In the meantime, Paul performs one of his patented miracles, going down to the corpse and restoring it to life.  When Patroclus later shows up for work at Nero’s palace, the emperor is terrified and astounded: “Patroclus, is this you?”  I thought you were dead!  Patroclus replies that he was dead, but that the “master of the universe, the Lord Jesus Christ,” has raised him from the dead.  Nero, rather than expressing his gratitude for the miracle, becomes immediately envious of the miracle-working ability of this Jesus, and suspicious of him as a potential usurper of his own power.  He interrogates Patroclus and learns that he considers Christ to be the king of all (isn’t the emperor supposed to be the king of all?).  In his rage, Nero sends Patroclus, and two other self-proclaimed Christians in the court, to prison to be tortured.

And this is what leads to the persecution of Christians at the hands of Nero.  He orders the followers of Christ to be rounded up and punished.  Only after wiser heads prevail does he agree that no one should be punished without a court trial.

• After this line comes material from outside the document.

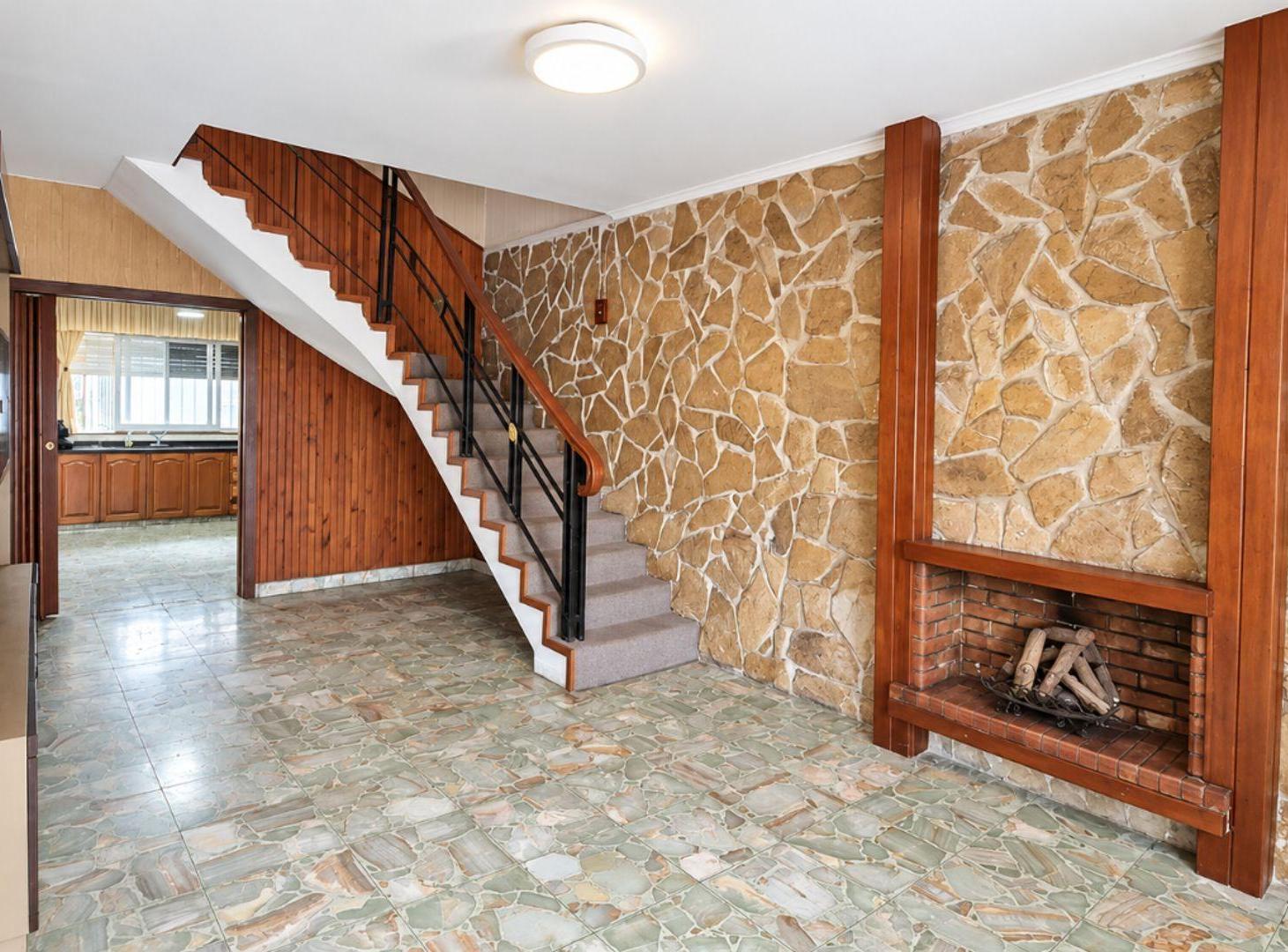 Foto de CASA 4 AMBIENTES CON GARAJE Y PATIO EN QUILMES, imagen 2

Paul himself is arrested and brought before Nero, who threatens to execute him for his faith.  Paul, however, shows no trace of fear but rather a haughty self-assurance in the face of death.  He tells Nero that if he kills him, he will rise from the dead and appear to him alive afterwards.  Nothing can keep a good man down.

Nero orders his execution.  The executioners spend some time talking to Paul before they do the deed.  As might be expected in a story of this kind, he actually converts them before they perform their duty.  But at his death a miracle occurs: once Paul is beheaded, it is not blood that spurts from the wound but milk.  It is difficult to say what the milk is meant to signify.  It is, of course, a symbol of life, in that it is the food that sustains a newborn after birth.  So maybe it means that Paul is being born again into his new life with Christ in the other world.  Moreover, in his own letters, Paul himself speaks of nourishing his converts with the “milk” of his teaching (1 Cor. 3:2).  So maybe the milk spurting from his neck signifies the edifying message that his death will bring to others, that death is not the last word, for it can be followed by eternal life with the Lord.

In any event, Paul fulfills his vow to Nero.  To the emperor’s shock and dismay, the apostle appears to him after his execution, as full of life as can be.  The emperor does not repent in the story, but one could scarcely expect him to do so.  There is a limit, after all, to how far pious legend can distort the historical facts, and most people in the early church thought of Nero as an unrepentant despot till the time of his own death.